Data excerpt:
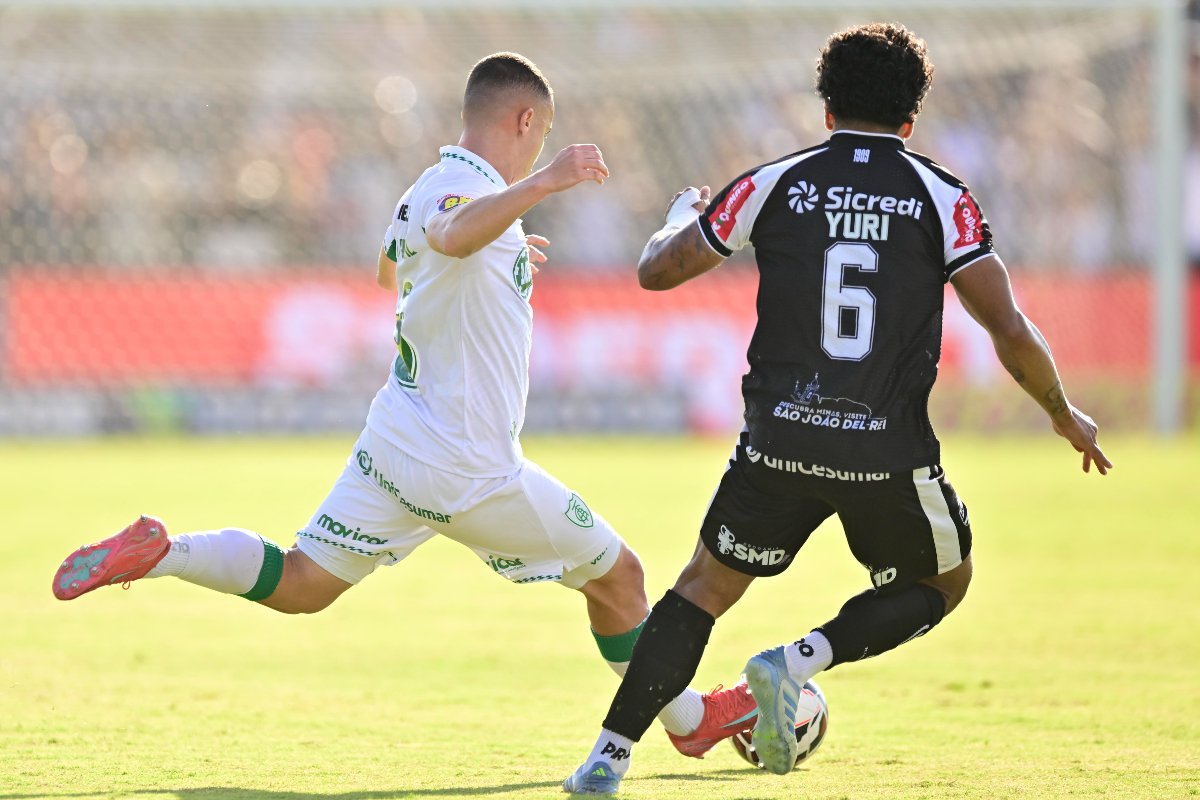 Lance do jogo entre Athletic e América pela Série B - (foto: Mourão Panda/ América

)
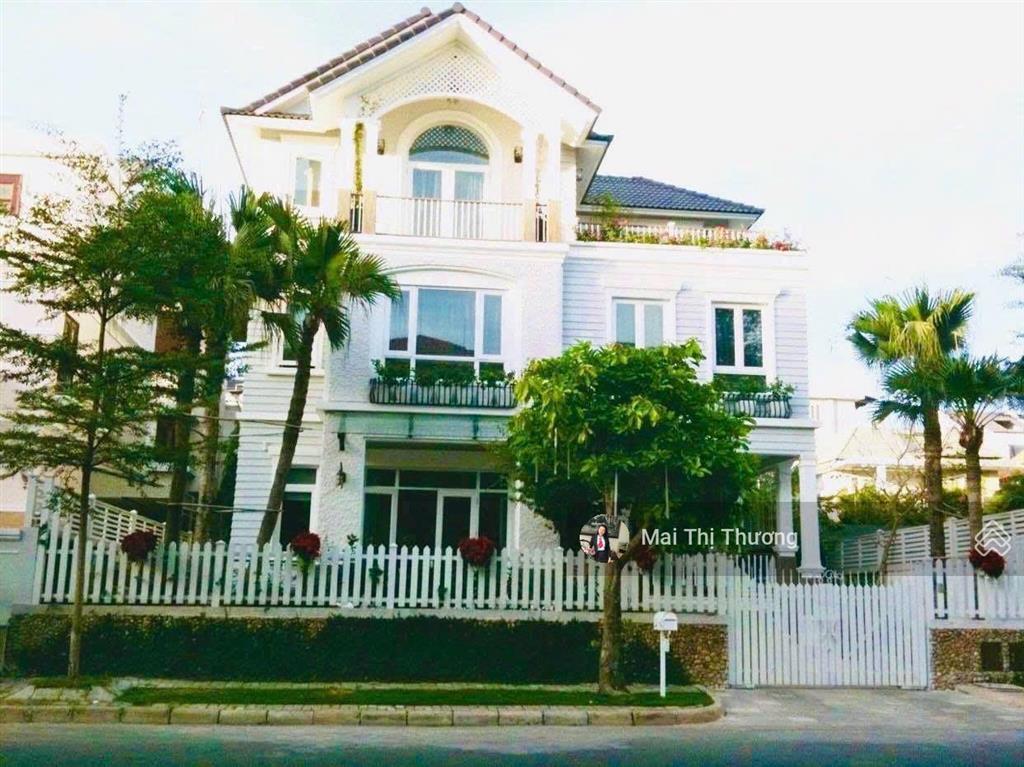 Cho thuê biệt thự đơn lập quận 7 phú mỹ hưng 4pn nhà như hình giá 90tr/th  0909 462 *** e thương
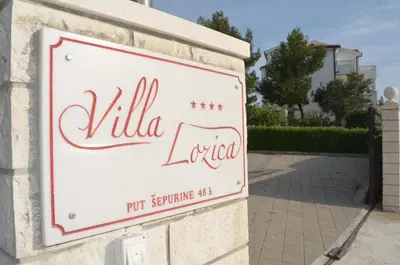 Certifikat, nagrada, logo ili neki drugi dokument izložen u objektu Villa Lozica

What is needed: Once the line containing "Cho thuê biệt" is found, transcribe it and the rest of the lines to the end of the listing above exactly, omitting all pictures.

Exercise result:
 Cho thuê biệt thự đơn lập quận 7 phú mỹ hưng 4pn nhà như hình giá 90tr/th  0909 462 *** e thương
 Certifikat, nagrada, logo ili neki drugi dokument izložen u objektu Villa Lozica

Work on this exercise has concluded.